= List of members of the European Parliament for Finland, 2014–2019 =

This is a list of the 13 members of the European Parliament for Finland in the 2014 to 2019 session.

==List==

| Name | National party | EP Group | Votes |
|---|---|---|---|
| Jussi Halla-aho | Finns Party | ECR | 80,772 |
| Heidi Hautala | Green League | G–EFA | 31,725 |
| Liisa Jaakonsaari | Social Democratic Party | S&D | 44,061 |
| Anneli Jäätteenmäki | Centre Party | ALDE | 59,538 |
| Miapetra Kumpula-Natri | Social Democratic Party | S&D | 40,734 |
| Merja Kyllönen | Left Alliance | GUE/NGL | 58,611 |
| Sirpa Pietikäinen | National Coalition Party | EPP | 49,842 |
| Olli Rehn | Centre Party | ALDE | 70,398 |
| Alexander Stubb | National Coalition Party | EPP | 148,190 |
| Sampo Terho | Finns Party | ECR | 33,833 |
| Nils Torvalds | Swedish People's Party | ALDE | 29,355 |
| Henna Virkkunen | National Coalition Party | EPP | 43,829 |
| Paavo Väyrynen | Centre Party | ALDE | 69,360 |

===Party representation===

| National party | EP Group | Seats | ± |
|---|---|---|---|
| National Coalition Party | EPP | 3 / 13 | Steady |
| Centre Party | ALDE | 3 / 13 | Steady |
| Social Democratic Party | S&D | 2 / 13 | Steady |
| Finns Party | ECR | 2 / 13 | +1 |
| Green League | G–EFA | 1 / 13 | −1 |
| Swedish People's Party | ALDE | 1 / 13 | Steady |
| Left Alliance | GUE/NGL | 1 / 13 | +1 |
| Christian Democrats | EPP | 0 / 13 | −1 |

==Midterm replacements==
- Alexander Stubb declined his seat to become the Prime Minister of Finland.
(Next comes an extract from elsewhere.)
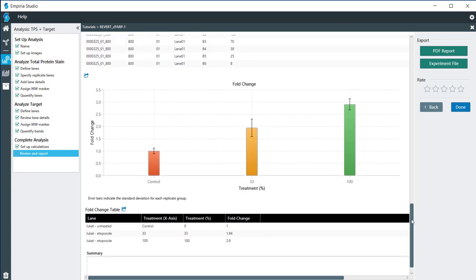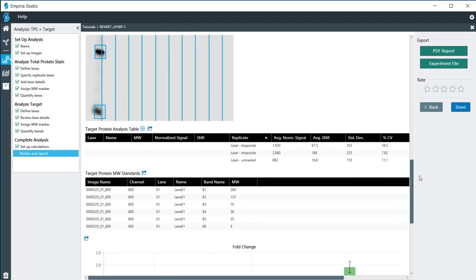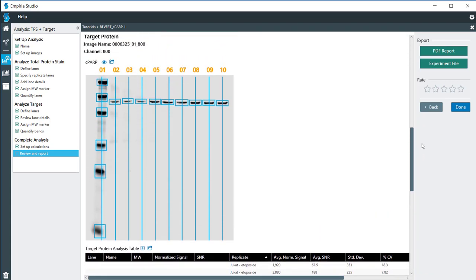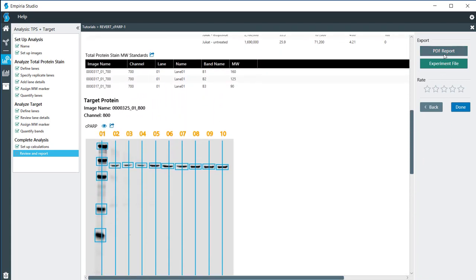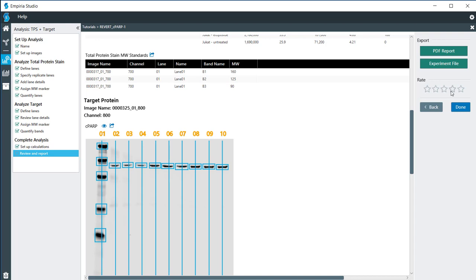At this point, if we want to export these data, we can either do it as a PDF report or an experimental file to take to another computer for someone else to visualize. You can also rate the experiment. If everything came out exactly as expected, you can go ahead and click on five. Or if it was not quite as expected, you can click on anywhere below that. Thank you.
He was replaced by Petri Sarvamaa.
- Olli Rehn was replaced by Hannu Takkula in April 2015.
- Sampo Terho was replaced by Pirkko Ruohonen-Lerner in May 2015.
- Hannu Takkula was replaced by Elsi Katainen in March 2018.
- Paavo Väyrynen was replaced by Mirja Vehkaperä in June 2018.